La lapide colpita ricorda i 43 caduti di Borgo Vanchiglia, un simbolo che nasce da una convergenza politica storica tra forze diverse – comunisti, democristiani e socialisti – unite allora da valori condivisi più alti. Un contesto che rende ancora più evidente il contrasto con quanto accaduto, letto come un gesto di disprezzo verso la memoria collettiva e verso i principi fondanti della democrazia.

Nel corso del presidio, le istituzioni hanno ribadito l’intenzione di rafforzare la tutela dei luoghi simbolo della Resistenza. Non viene esclusa l’installazione di sistemi di sorveglianza, come telecamere, per prevenire nuovi episodi. Allo stesso tempo è stata sottolineata la necessità di un impegno culturale e civile continuo, capace di contrastare sul piano sociale e educativo ogni forma di revisionismo o provocazione.

La lapide, nel frattempo, sarà ripulita. Una nuova corona è già stata deposta, accompagnata da un momento collettivo che ha visto i presenti riunirsi nel canto di Bella Ciao, gesto simbolico che ha trasformato un atto di vandalismo in un’occasione di coesione.
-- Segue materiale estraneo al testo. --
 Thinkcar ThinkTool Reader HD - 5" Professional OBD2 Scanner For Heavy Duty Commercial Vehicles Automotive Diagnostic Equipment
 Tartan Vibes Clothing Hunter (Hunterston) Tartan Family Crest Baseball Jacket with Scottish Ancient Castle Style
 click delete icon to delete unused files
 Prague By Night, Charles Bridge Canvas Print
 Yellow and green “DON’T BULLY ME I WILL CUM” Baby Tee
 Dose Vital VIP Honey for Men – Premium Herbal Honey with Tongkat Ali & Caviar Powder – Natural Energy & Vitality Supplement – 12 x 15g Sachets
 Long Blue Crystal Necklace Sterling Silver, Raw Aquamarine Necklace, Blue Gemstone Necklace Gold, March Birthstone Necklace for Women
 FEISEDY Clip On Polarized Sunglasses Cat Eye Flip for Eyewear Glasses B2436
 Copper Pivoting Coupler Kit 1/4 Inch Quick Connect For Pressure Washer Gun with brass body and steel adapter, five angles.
Tra i presenti anche esponenti della politica locale, consiglieri e rappresentanti delle istituzioni, insieme ai vertici provinciali dell’Anpi. La loro partecipazione ha rafforzato l’immagine di una città che, pur colpita, sceglie di reagire pubblicamente e senza esitazioni.
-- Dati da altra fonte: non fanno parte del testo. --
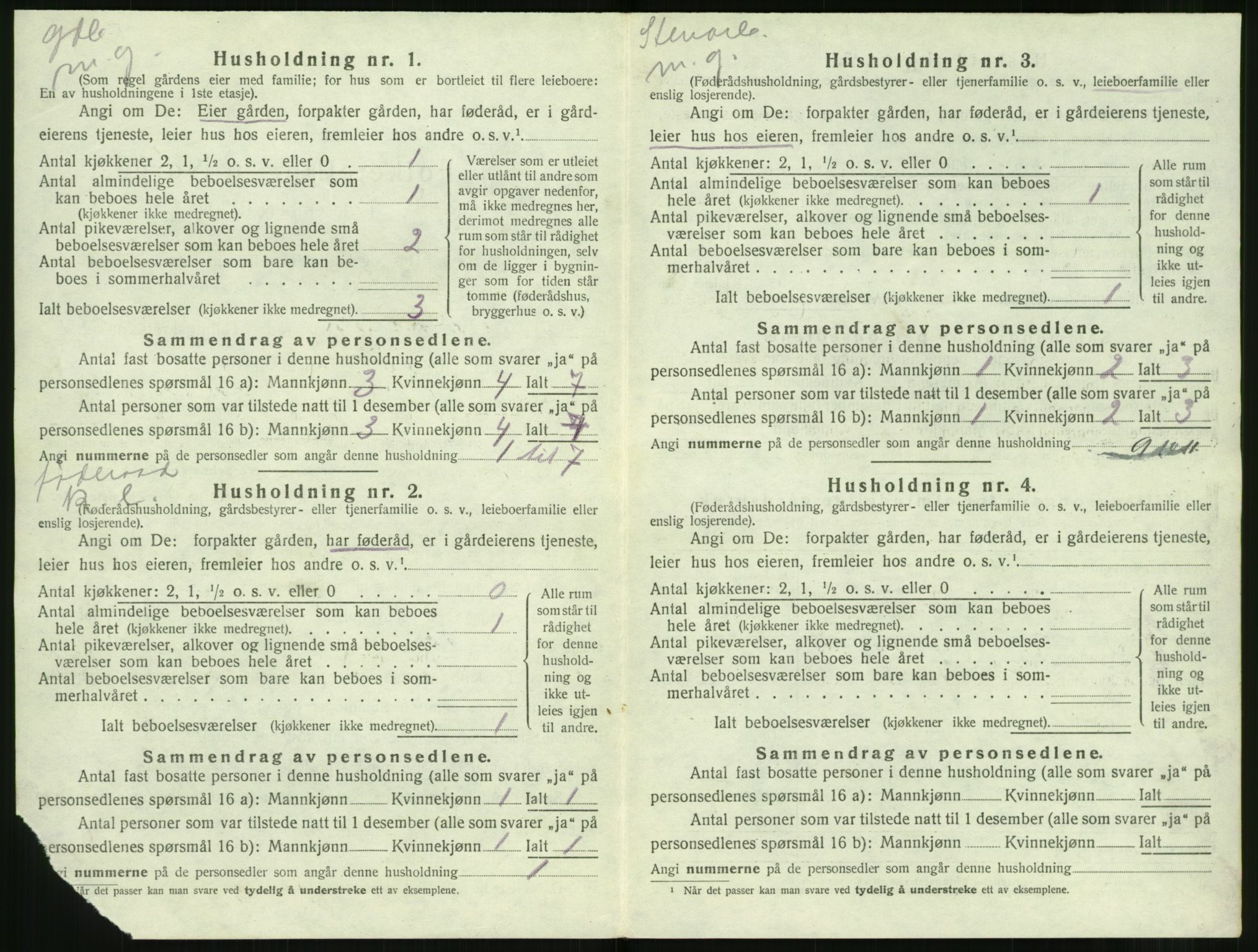 SAT, 1920 census for Volda, 1920, p. 1867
A rendere ancora più significativo il momento, la presenza di chi quella stagione l’ha vissuta in prima persona. Testimoni della Resistenza che, ancora oggi, continuano a rappresentare un punto di riferimento morale. La loro partecipazione ha dato ulteriore peso a una giornata che ha assunto il valore di una presa di posizione collettiva.

L’episodio si inserisce in un contesto più ampio, in cui atti di vandalismo contro simboli della memoria storica riemergono ciclicamente, soprattutto in prossimità di ricorrenze simboliche. Ma proprio la risposta registrata a Vanchiglia mostra come, accanto a questi segnali, esista una comunità vigile e pronta a difendere i propri valori.

Il messaggio finale resta netto: nessuna intimidazione potrà scalfire il legame tra la città e la sua storia. La memoria della Resistenza continua a essere un riferimento condiviso, capace di mobilitare e unire.